L’ultimo attacco è di ieri, ma per fortuna è stato sventato dalla nostra Marina militare, che è presente con due unità in queste acque pericolose. I pirati avevano puntato la prua dei loro fuoribordo, cinque barchini veloci (raggiungono le acque internazionali con una «nave madre», più grande, da cui si staccano per sferrare l’arrembaggio), sulla «Neverland», una petroliera di 239 metri col tricolore a poppa, della Finaval di Roma (una delle più attive compagnie europee nel trasporto di prodotti energetici, 13 navi, che fa capo a Giovanni Fagioli) e diretta a Sikka in India. Si stavano avvicinando, ma la loro manovra è stata intercettata dal «Comandante Borsini», il pattugliatore d’altura che insieme al rifornitore di squadra «Etna» sta svolgendo la campagna di sorveglianza marittima. La nave militare, con l’ausilio di un elicottero, ha tagliato la rotta ai corsari, che hanno preferito desistere e darsi alla fuga verso terra (in acque territoriali, dove le unità da guerra possono intervenire solo se autorizzati dalle autorità somale).

Un successo, per la missione della Marina (Medal ‘08; 340 persone al comando del capitano di vascello Giorgio Gomma), che ha preso il largo il gennaio scorso e che avrà termine a fine maggio. E che segue all’operazione Mare Sicuro del 2005 quando, sulla scorta degli assalti - mancati - ai mercantili «Jolly Marrone» dei Messina e «Cielo di Milano» della società D’Amico, l’allora ministro della Difesa Antonio Martino, sollecitato da Confitarma (la federazione degli armatori), dispose che i cargo italiani fossero scortati da navi militari nei luoghi più «caldi», come appunto il Golfo di Aden. «Gli altri sono gli stretti di Malacca, il Golfo di Guinea, i Caraibi e le coste del Venezuela e Brasile» spiega Nicolò Carnimeo, docente di Diritto della Navigazione a Bari Bari ed esperto mondiale di pirateria moderna.

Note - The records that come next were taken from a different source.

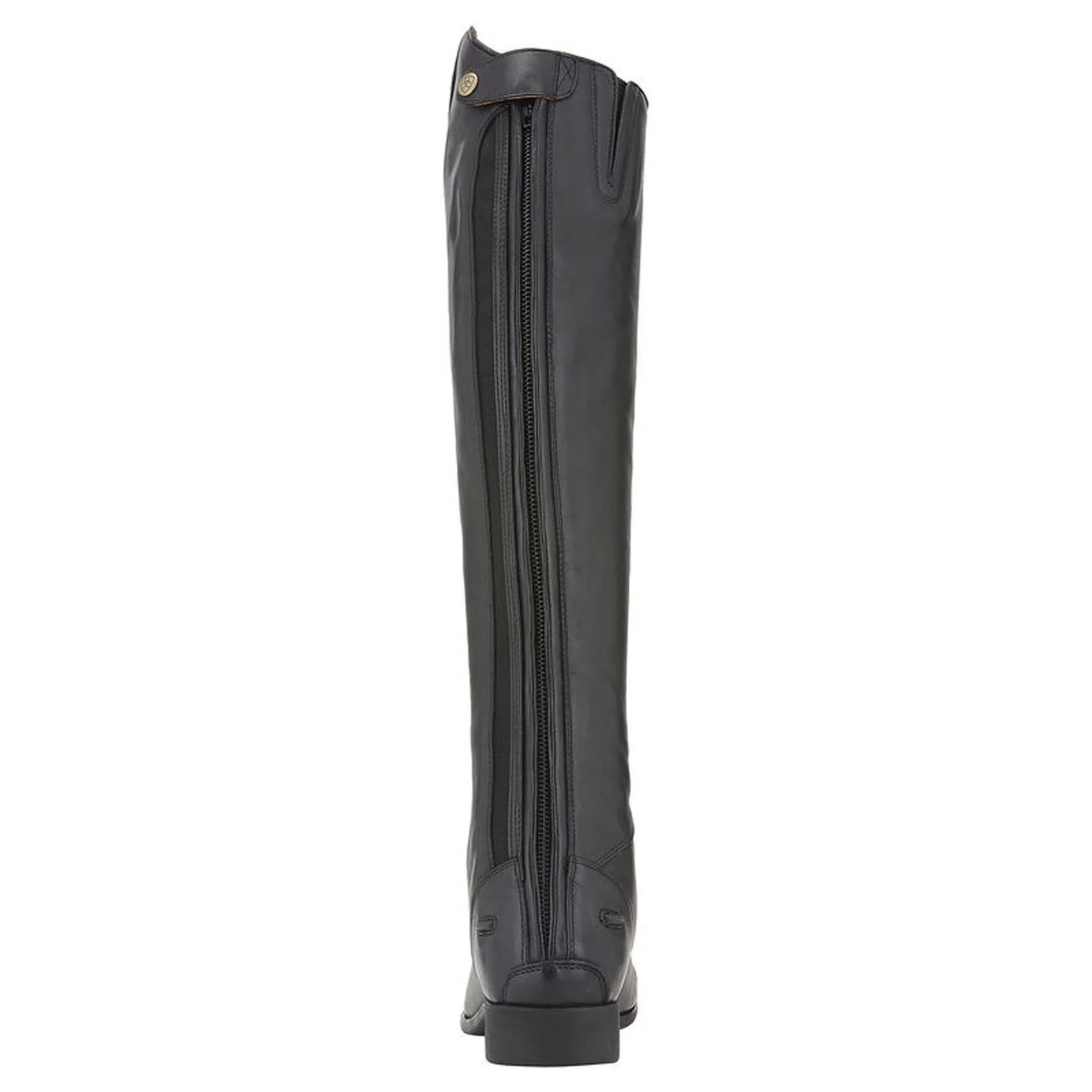 Ariat Men’s Heritage Contour Field Zip Tall Riding Boot | Ingatestone Saddlery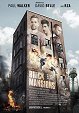 Brick Mansions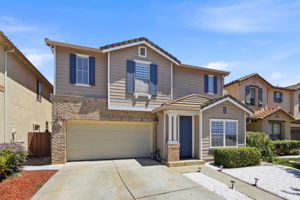 003_F8_5530 Cooney Pl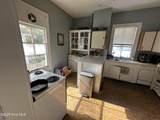 104 4th Street - Photo 23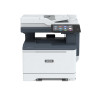 Stampante laser xerox versalink c415 multifunzione 4in1 a colori
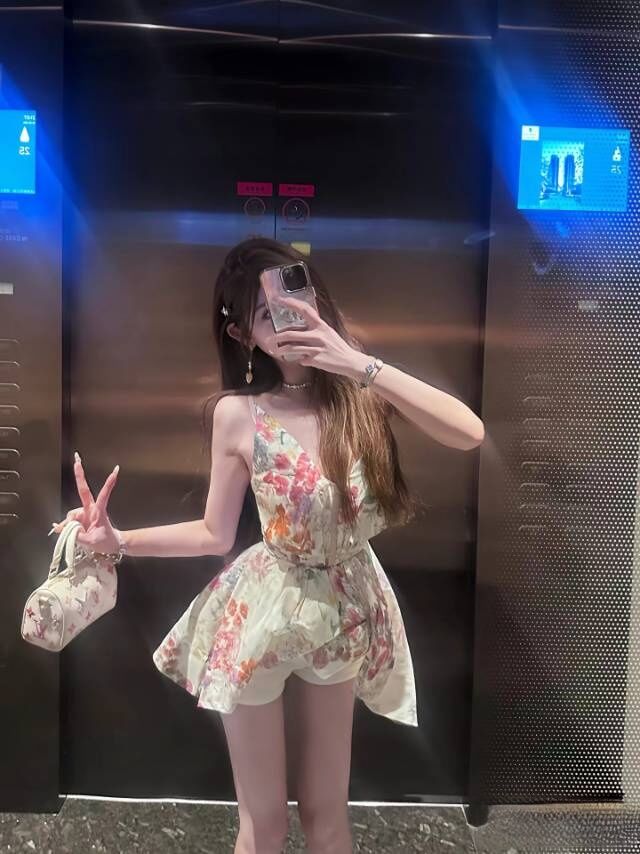 2021117214736.jpg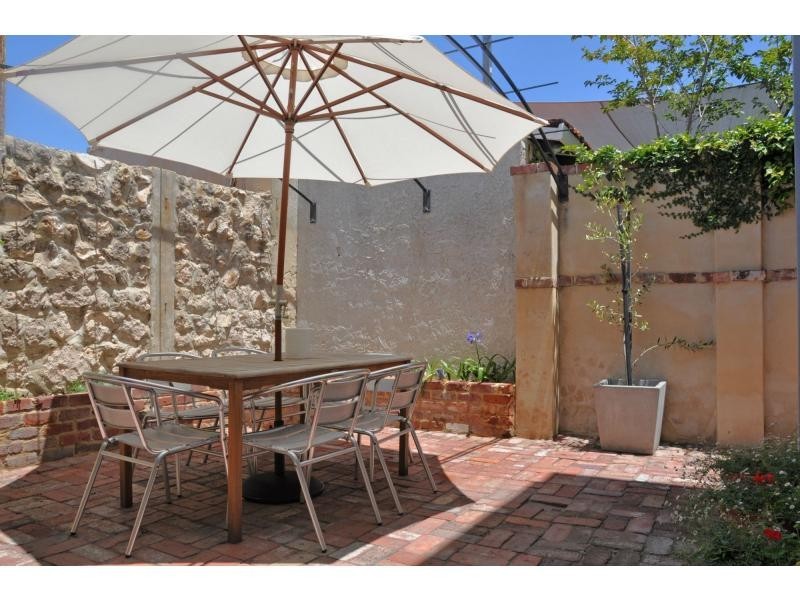 3/17 Arundel Street, Fremantle WA 6160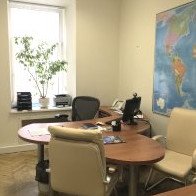 Аренда офиса 292 м² БЦ Административно-жилой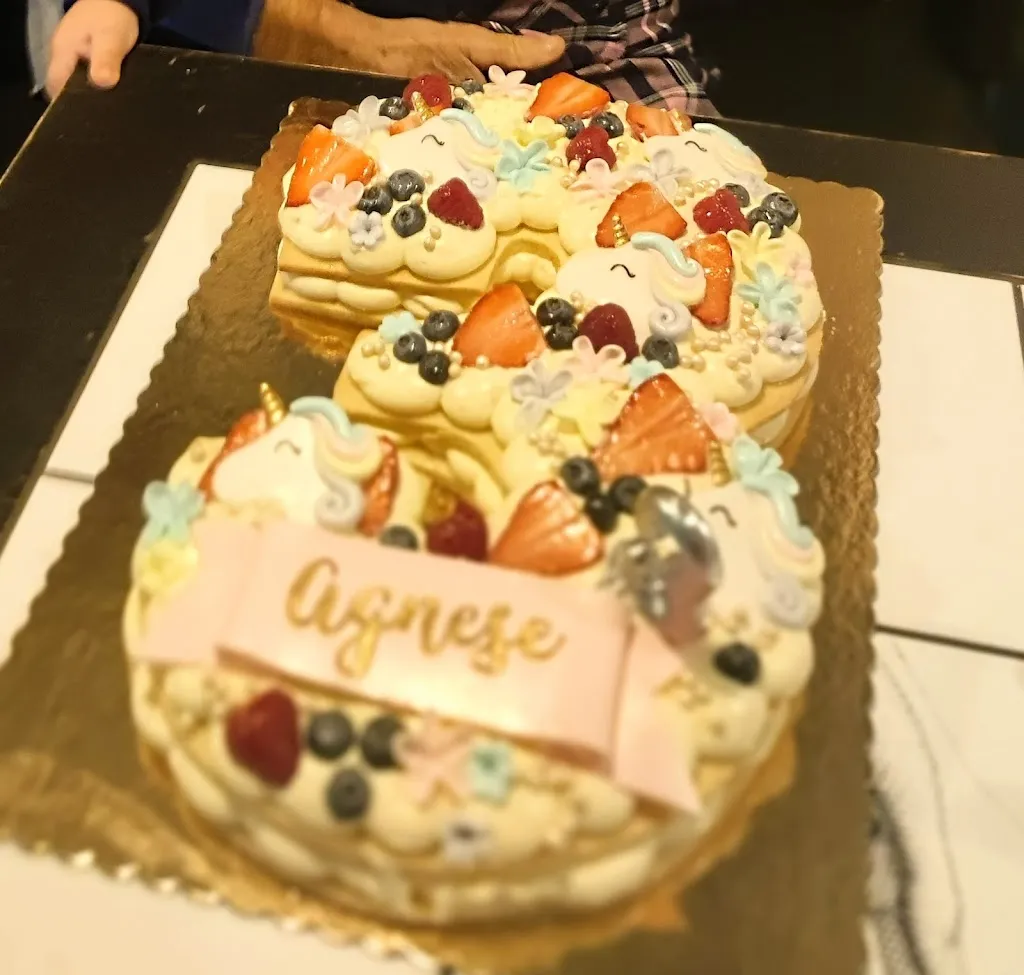 Alfredo Amadio_Forno Massicci e Vulpiani_Acquaviva Picena_review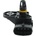 BOSCH 0 261 230 01F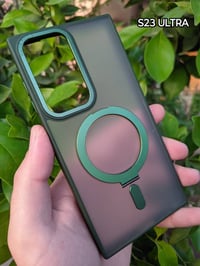 جالاكسي S23 ألترا • توصيل مجاني • بالصور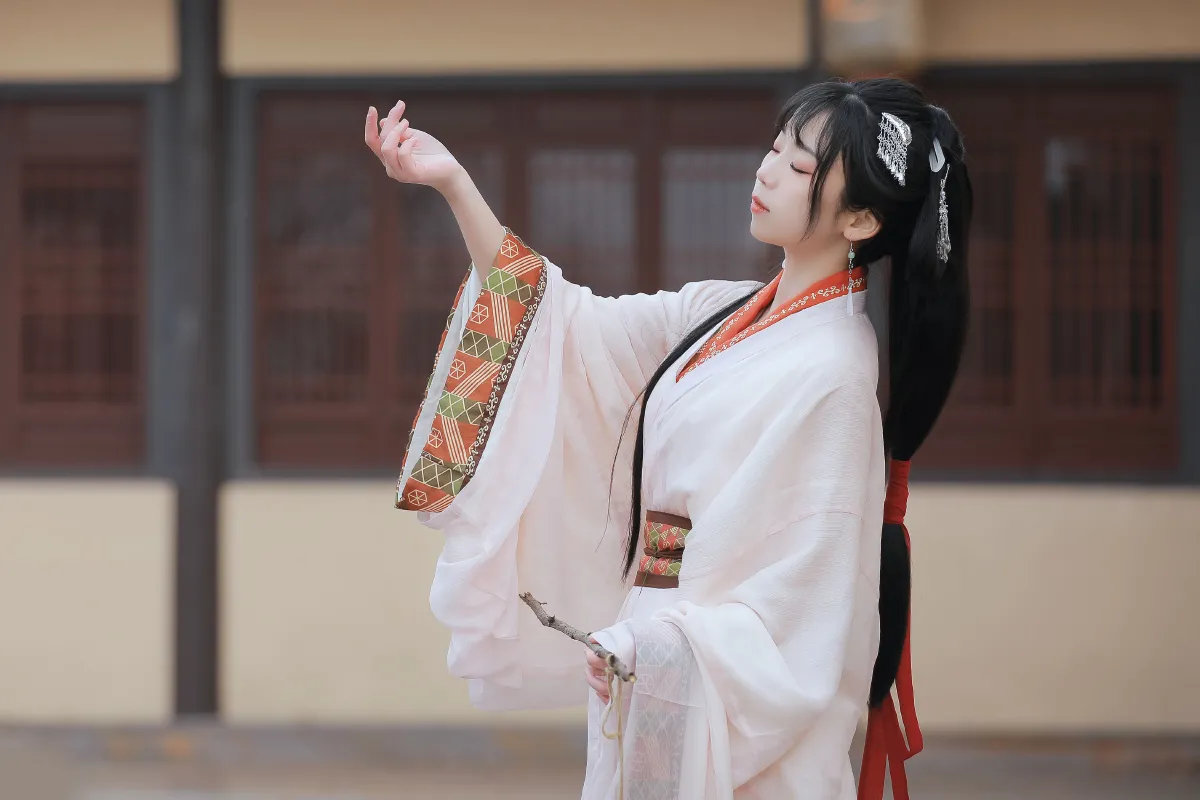 楚城3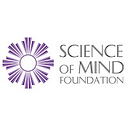 Science of Mind Foundation Inc logo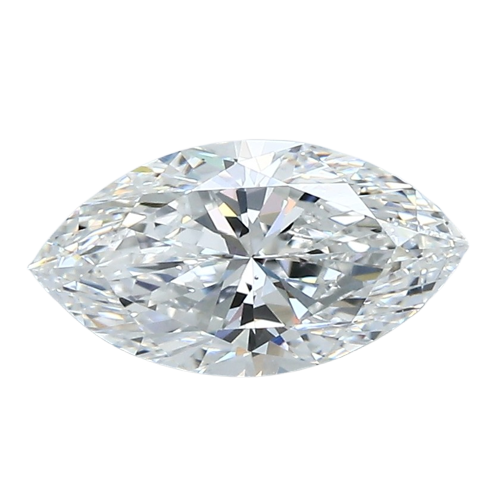 lknt_natural_loosediamond_marquise_01-51_vs2_f_828d4edaede4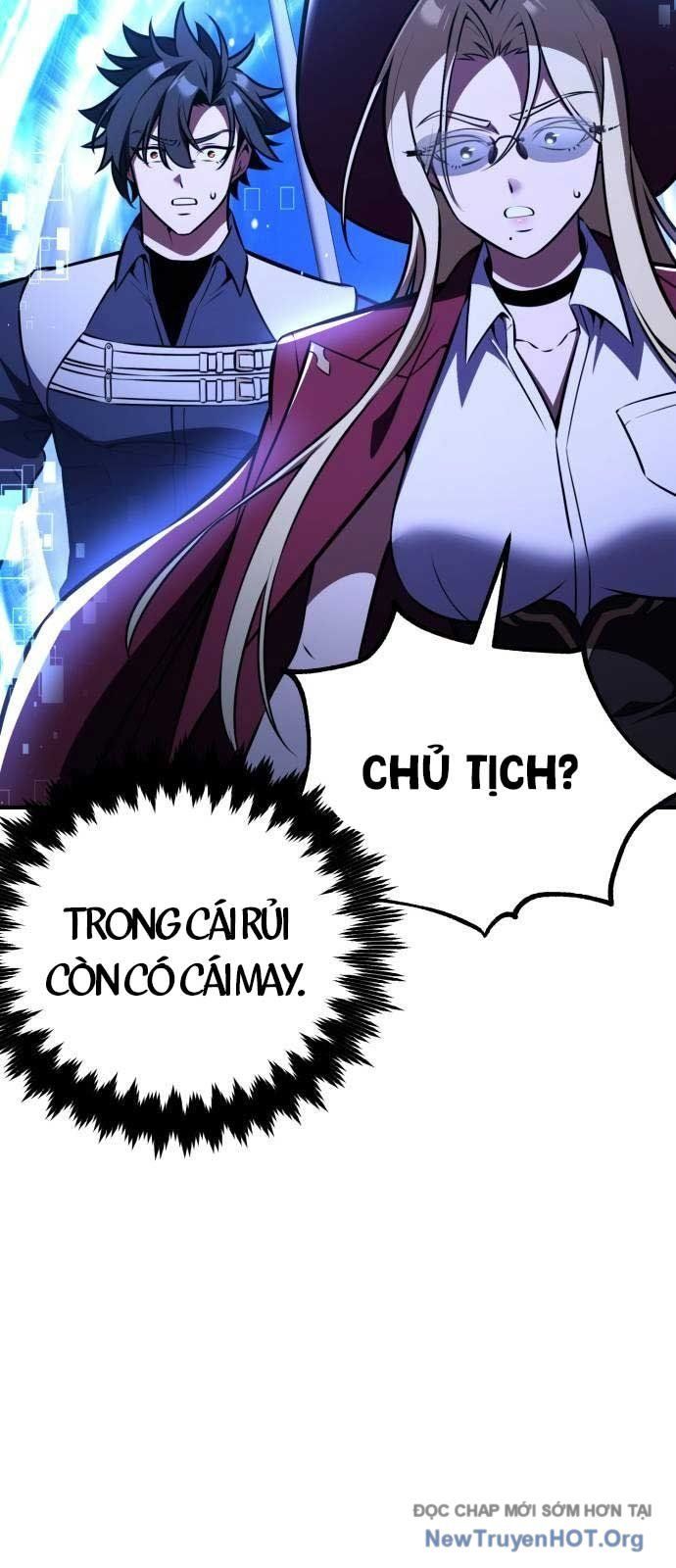 Fate/Extra Ccc Fox Tail Chapter 80.1 - Trang 2
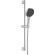 Душевая система AQUAme AQM8403CR с термостатом Хром Душевая система AQUAme AQM8403CR с термостатом Хром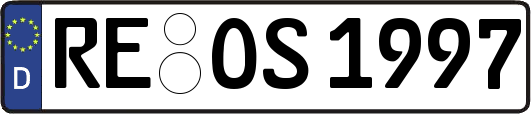 RE-OS1997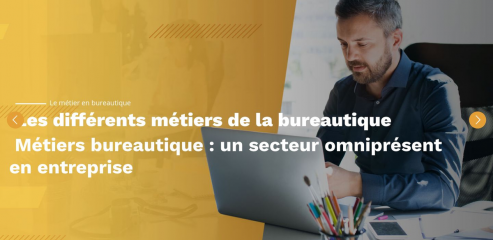 https://www.e-bureautique.fr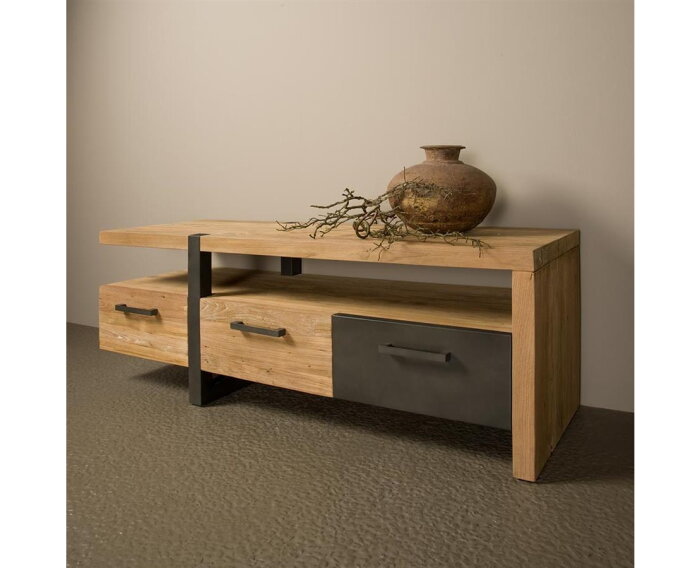 Lucca TV-meubel 145 cm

E’ stata vinta, però, solo una battaglia. Gli «Jin del mare», l’altroieri, hanno assaltato lungo la costa somala un piccolo cargo di Dubai, che è stato «liberato» ieri da un commando delle forze di sicurezza della regione del Puntland (c’è stata una sparatoria, si parla di tre feriti); sempre l’altroieri è stato il turno di una petroliera giapponese, a colpi di lancia-granate: l’attacco è stato sventato dall’intervento di una nave da guerra tedesca, che stava pattugliando la zona. E sono ancora nelle mani dei nuovi «filibustieri» i 26 membri d’equipaggio del peschereccio basco «Playa de Barko» sequestrati domenica scorsa: la Spagna ha inviato una fregata militare in loro soccorso. E poi, c’è il «Ponant», il veliero francese, il cui equipaggio è stato liberato dopo una settimana in mano ai pirati dietro il pagamento di un riscatto di 2 milione di dollari. «Sono stati 31 gli attacchi di pirati somali nel 2007 e quest’anno già nove da febbraio - dice Carnimeo -. Mentre nel mondo, grazie anche alle azioni di contrasto, nel complesso gli assalti stanno diminuendo, nel Goldo di Aden sono in aumento. Le cause? Tanti ex combattenti senza ingaggio, tante armi, e tanta povertà. Oltre all’impunità, di cui questi fuorilegge del mare godono grazie al mancato controllo del territorio da parte delle autorità locali».